17. Behind the Lines – Duchess. 1980. For a long time I thought these were one song, because my homemade cassette had the tracks mislabeled. It turns out I wasn’t far off. Both were originally intended as part of a 30-minute suite, along with “Guide Vocal,” “Turn It on Again,” “Dukes Travels,” and “Dukes End.” They go well together in any case. “Behind the Lines” is about a guy so consumed by the book he’s reading that he can’t tell the difference between the story and his own reality (the TV will effect him likewise in “Turn It on Again”). “Duchess” then tells of a woman’s rise and fall from musical fame, which some have interpreted as an embarrassing metaphor for the Genesis band in the ’90s. At first she plays with concern for her artistry and doesn’t give a shit about pleasing crowds, but as fame sets in she sells out and soon “nobody calls for more.” This is a strong double feature of loneliness, isolation and failure.

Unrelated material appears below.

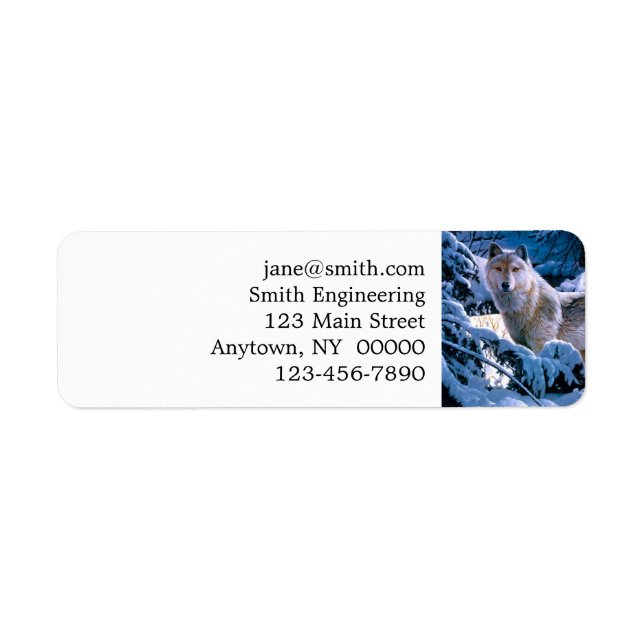 Varg i vinterns skogsmålning returadress etikett (Framsidan)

18. A Trick of the Tail. 1976. Even on an album that seems to pride itself on dissimilar songs, the title track is especially anomalous. Which is no surprise given that it was originally written for the Foxtrot album back in ’72 and thus is a sort of homage to the mythic prog narratives the band was starting to shed at this point. It’s mournful and upbeat at the same time, and incredibly catchy, telling of a beast who leaves his kingdom and enters the human world, where he’s captured and put on display as a freak. Originally it was surely just a tale of alienation, but some have seen it as a sly parting blow at Peter Gabriel’s abrupt departure: “He left and let nobody know”. Who knows, it’s a great song in any case.
19. The Cinema Show. 1973. This eleven-minute piece joins a 12-string guitar duet to a keyboard solo at the end that has become legendary. It remained a concert favorite even after Peter Gabriel left, and even when the band under Phil Collins decided to finally drop it, Tony Banks kept performing the keyboard section as part of the “In the Cage” medley (which you can hear on Three Sides Live) — at every one of their concerts throughout the ’80s. It’s easily one of the album’s best, and many fans would consider it heresy for being outside my top ten, but for me, the less widely praised Battle of Epping Forest is the true masterpiece track of Selling England by the Pound.
20. Follow You Follow Me. 1978. The song that started it all for me. I heard it on Rock 101, Manchester (my refuge from top-40, back in the day), and the next day rushed out to by the album. This song actually did make the top-40; it was the band’s first world-wide hit. But it’s not commercial, and has such a groovy simplicity that makes a fitting exit point on what is for me the most nostalgic album of my lifetime. To many fans of the Peter Gabriel era, this song was perceived as the deepest treason, but that’s rubbish. The song shows the band evolving, not devolving, though the latter would certainly become true by the mid-’80s. At this point they were just trying to make themselves more accessible, especially to female audiences. It’s a haunting lullaby that hasn’t lost its magic.